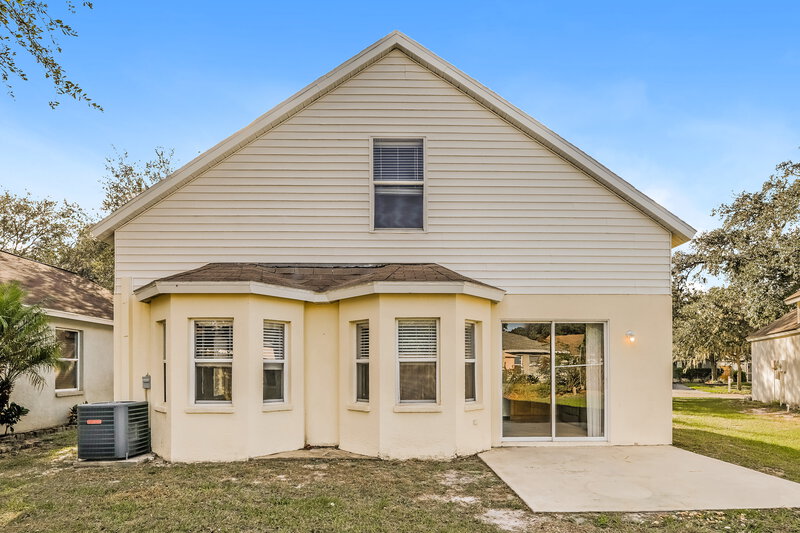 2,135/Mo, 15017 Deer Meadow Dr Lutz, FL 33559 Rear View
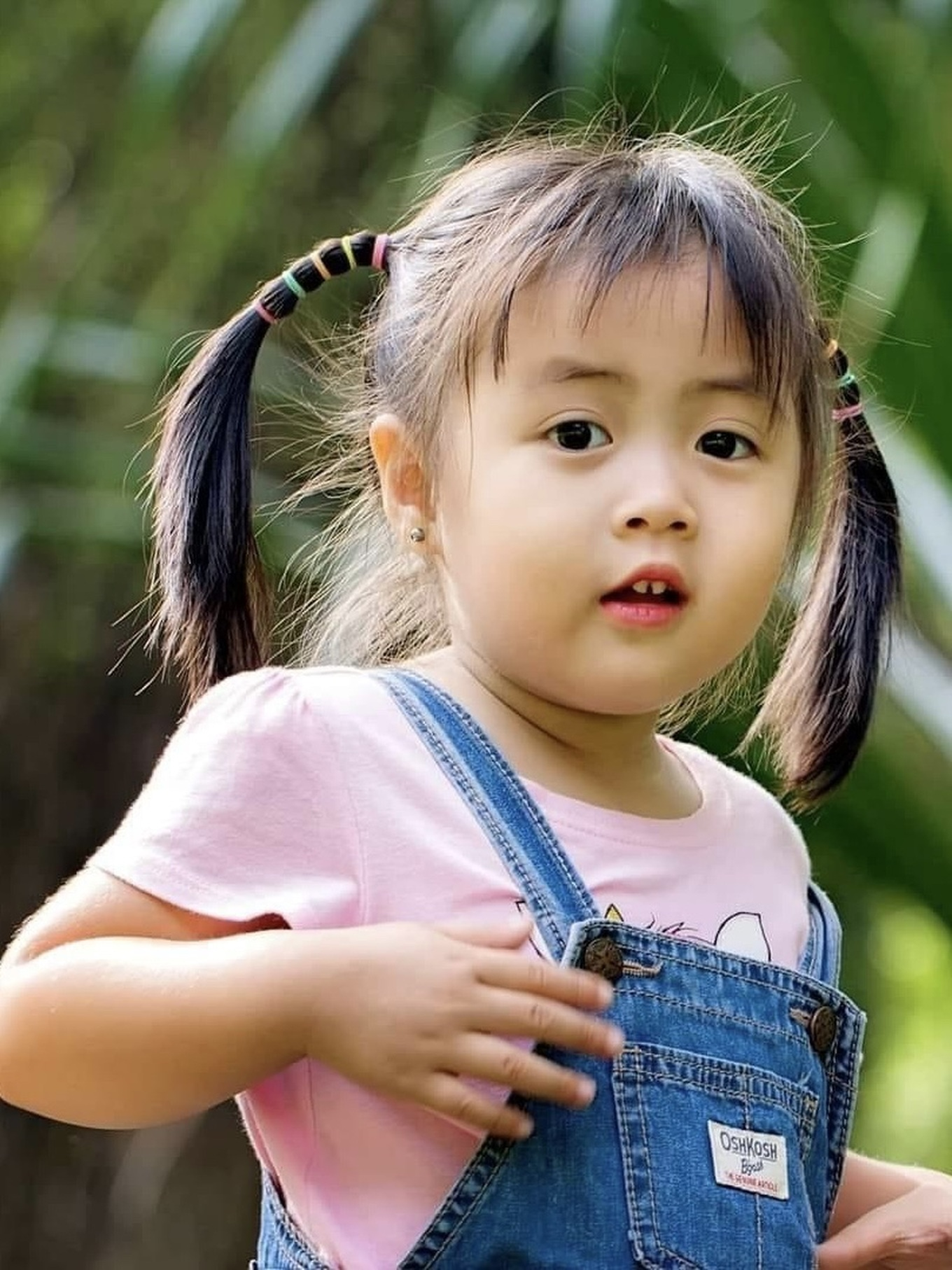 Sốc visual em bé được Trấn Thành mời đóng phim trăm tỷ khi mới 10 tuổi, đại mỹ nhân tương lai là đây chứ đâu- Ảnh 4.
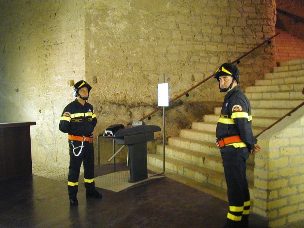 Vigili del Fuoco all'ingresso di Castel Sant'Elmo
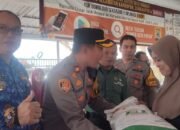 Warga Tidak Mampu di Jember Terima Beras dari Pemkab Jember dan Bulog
...
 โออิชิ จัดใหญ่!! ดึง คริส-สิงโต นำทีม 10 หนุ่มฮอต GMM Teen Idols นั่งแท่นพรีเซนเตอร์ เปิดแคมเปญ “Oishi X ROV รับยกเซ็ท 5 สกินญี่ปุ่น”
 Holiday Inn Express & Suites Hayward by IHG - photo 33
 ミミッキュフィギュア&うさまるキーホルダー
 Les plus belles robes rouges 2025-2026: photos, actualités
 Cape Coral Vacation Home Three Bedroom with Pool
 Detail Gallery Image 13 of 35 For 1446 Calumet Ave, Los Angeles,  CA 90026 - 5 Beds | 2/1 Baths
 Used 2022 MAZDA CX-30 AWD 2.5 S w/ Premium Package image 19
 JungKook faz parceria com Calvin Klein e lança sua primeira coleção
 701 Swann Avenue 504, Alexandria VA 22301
* * *
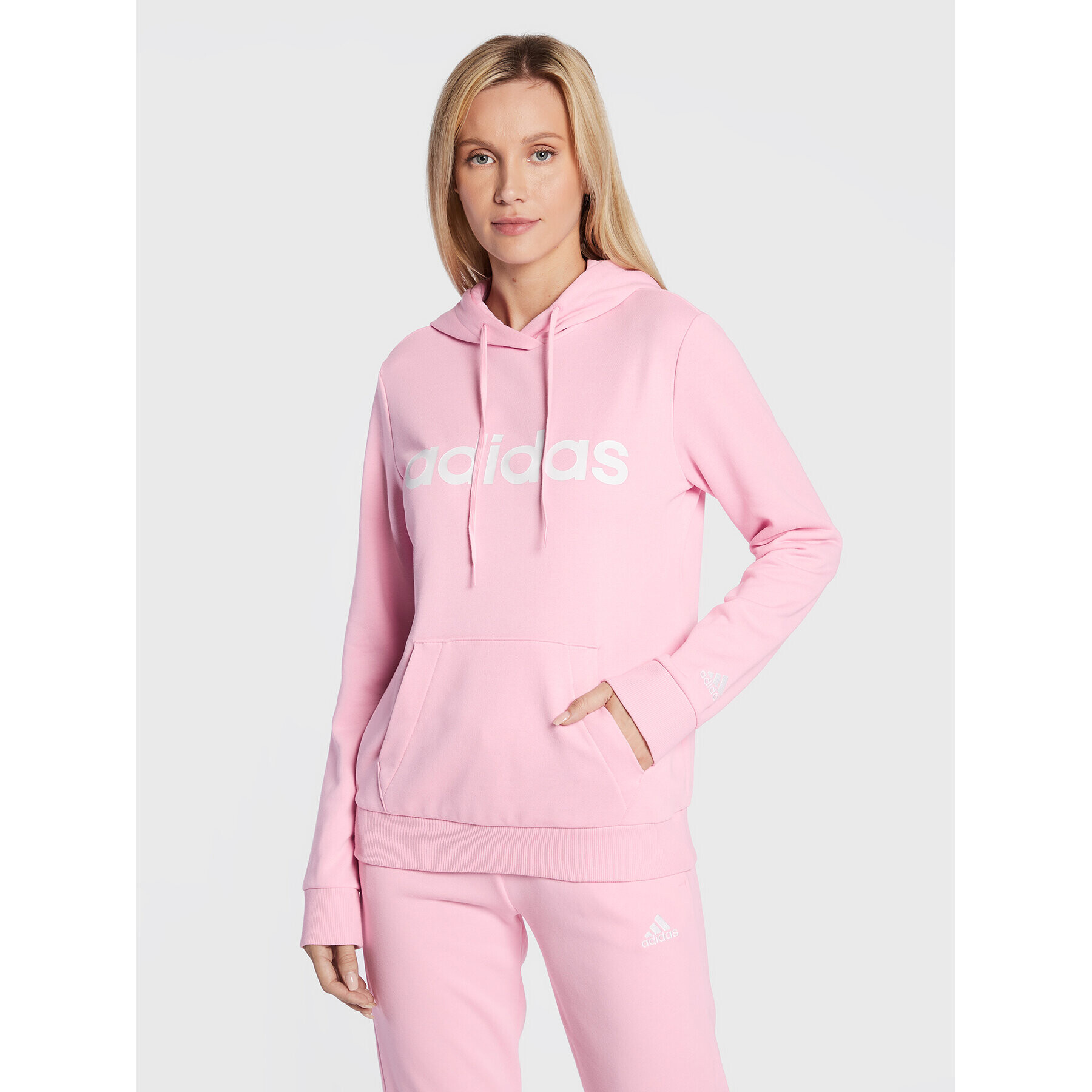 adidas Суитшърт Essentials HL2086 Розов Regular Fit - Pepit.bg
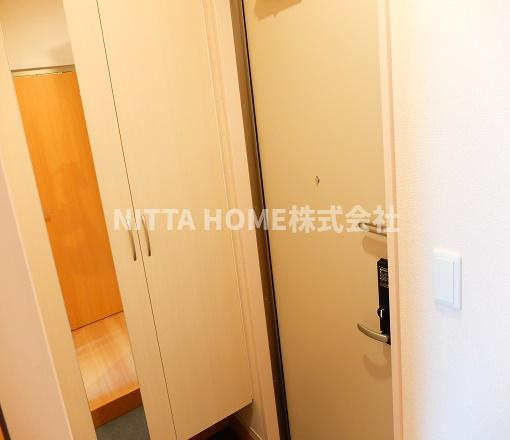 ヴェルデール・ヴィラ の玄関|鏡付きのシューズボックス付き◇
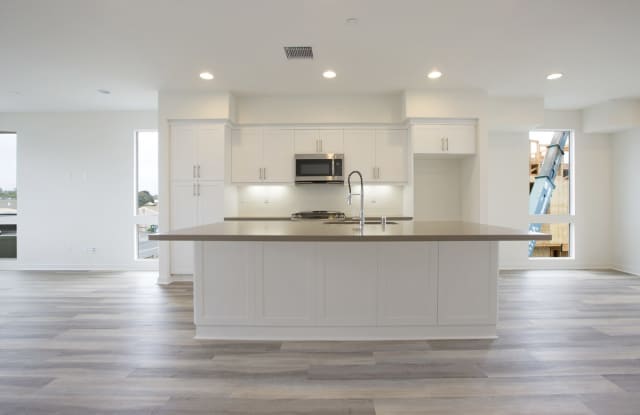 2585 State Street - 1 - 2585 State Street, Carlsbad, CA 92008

#### Exercise brief
Take the lines above from the one containing "Cape Coral Vacation" to the one containing "Used 2022 MAZDA" and retype them exactly, both ends included, with nothing added.

#### Answer for the task
 Cape Coral Vacation Home Three Bedroom with Pool
 Detail Gallery Image 13 of 35 For 1446 Calumet Ave, Los Angeles,  CA 90026 - 5 Beds | 2/1 Baths
 Used 2022 MAZDA CX-30 AWD 2.5 S w/ Premium Package image 19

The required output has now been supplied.